As consequências danosas deste caso são muito mais vastas do que apenas a perda de bens financeiros por parte dos lesados do BES – o que, por si só, já é uma situação dramática. Ultrapassam também o preço que os contribuintes portugueses ainda hoje pagam para viabilizar uma solução entendida em 2014 como a forma de evitar que a queda do GES/BES provocasse danos irreversíveis no sistema bancário. Um preço que, em 2019, já tinha custado quase cinco mil milhões ao Estado e, em termos globais, incluindo os pequenos accionistas, deverá orçar em 16 mil milhões de euros, segundo Pedro Santos Guerreiro revelou, há um mês, na TVI. Ainda em plena crise pandémica, a polémica voltou a estalar por causa do GES/BES, devido ao facto de o ex-ministro de Estado e das Finanças Mário Centeno ter accionado o empréstimo previsto para 2020, mais 850 milhões de euros, ao Fundo de Resolução, depois de o primeiro-ministro, António Costa, ter garantido no Parlamento que não haveria mais injecções de verbas no Novo Banco por parte do Estado enquanto não estivesse terminada a auditoria àquela instituição bancária.

Ao fim de seis anos de investigações, como noticiou o PÚBLICO, o Ministério Público acusa Ricardo Salgado de dirigir uma organização criminosa, de ser responsável pelo perda de 11.800 milhões de euros e de ter liderado uma série de operações que, alegadamente, se concretizam em 65 crimes: um de associação criminosa, 30 de burla qualificada; 12 de corrupção activa; nove de falsificação de documento; dois de manipulação de mercado; quatro de infidelidade; e sete de branqueamento.

O facto de o Ministério Público ter conseguido produzir uma acusação não resolve uma questão de fundo: o tempo que o caso levou a ser investigado e os anos que ainda vai demorar até que haja absolvições ou sentenças transitadas em julgado. É certo que num Estado de direito democrático há normas, procedimentos e direitos que a investigação criminal tem de respeitar. Mas há um problema em relação à demora da Justiça em Portugal que ninguém nega, mas que parece que nenhum responsável político está mesmo empenhado em resolver.

Desde Março, Portugal está atingido por uma pandemia de covid-19, mas impõe-se perguntar sobre o que é feito das propostas da ministra da Justiça, Francisca Van Dunem, para a Estratégia Nacional de Combate à Corrupção, anunciadas em início de Dezembro e então noticiadas pelo PÚBLICO. Como então foi divulgado, o grupo de trabalho constituído para o efeito deveria ter apresentado, até Abril, um relatório propondo uma estratégia plurianual para a legislatura e propostas concretas de alterações legislativas. O grupo de trabalho recebeu mesmo, da parte do Ministério da Justiça, uma série de sugestões sobre mudanças nos procedimentos da Justiça que, se já vigorassem, diminuiriam em muito os lentíssimos ritmos da Justiça em Portugal, bem como melhorariam em muito as investigações criminais.

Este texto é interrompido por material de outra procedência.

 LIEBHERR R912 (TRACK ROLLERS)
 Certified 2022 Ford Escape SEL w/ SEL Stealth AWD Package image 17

Entre essas ideias estava a adopção da colaboração premiada, eliminado o prazo de 30 dias, hoje existente na lei, entre o crime e a denúncia por parte do agente de corrupção passiva ou activa, e introduzindo a possibilidade de diminuição de pena como contrapartida para a colaboração com a Justiça. Outra proposta consistia no esclarecimento da legislação actual para que fosse facilitado a separação dos megaprocessos em vários processos. Também foi avançada a figura dos acordos de sentenças, nos quais o acusado entrega ao Estado o lucro do crime e recebe uma redução de pena. Assim como a criação de juízos especializados em crimes de corrupção e a ideia de que os magistrados que investigam os casos passem a acompanhar os julgamentos.

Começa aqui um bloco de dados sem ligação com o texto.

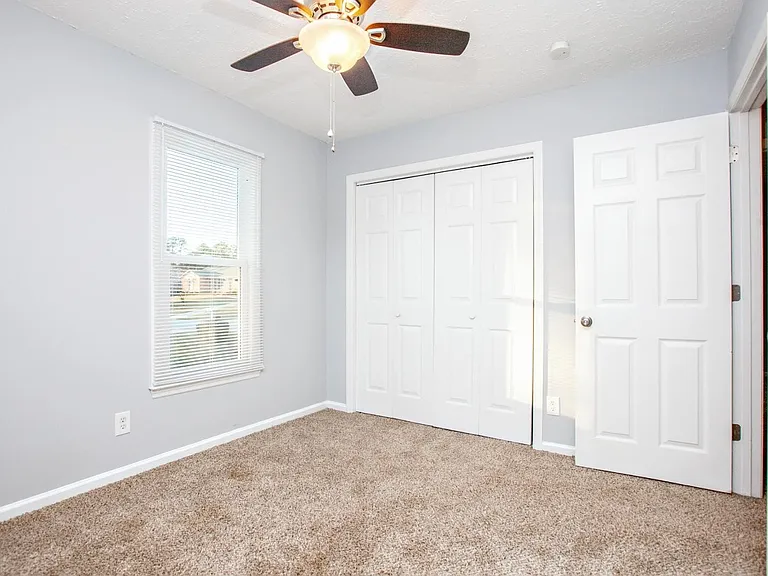 1819 Eichelberger Dr — Photo 13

É certo que no caso BES/GES estas mudanças não terão efeito, pelo menos para a longuíssima investigação já terminada. Mas a acusação agora produzida contra Ricardo Salgado e mais 24 arguidos vem alertar para a necessidade de os mecanismos judiciários e judiciais em Portugal serem mais céleres, a bem da confiança das pessoas no Estado e na Justiça.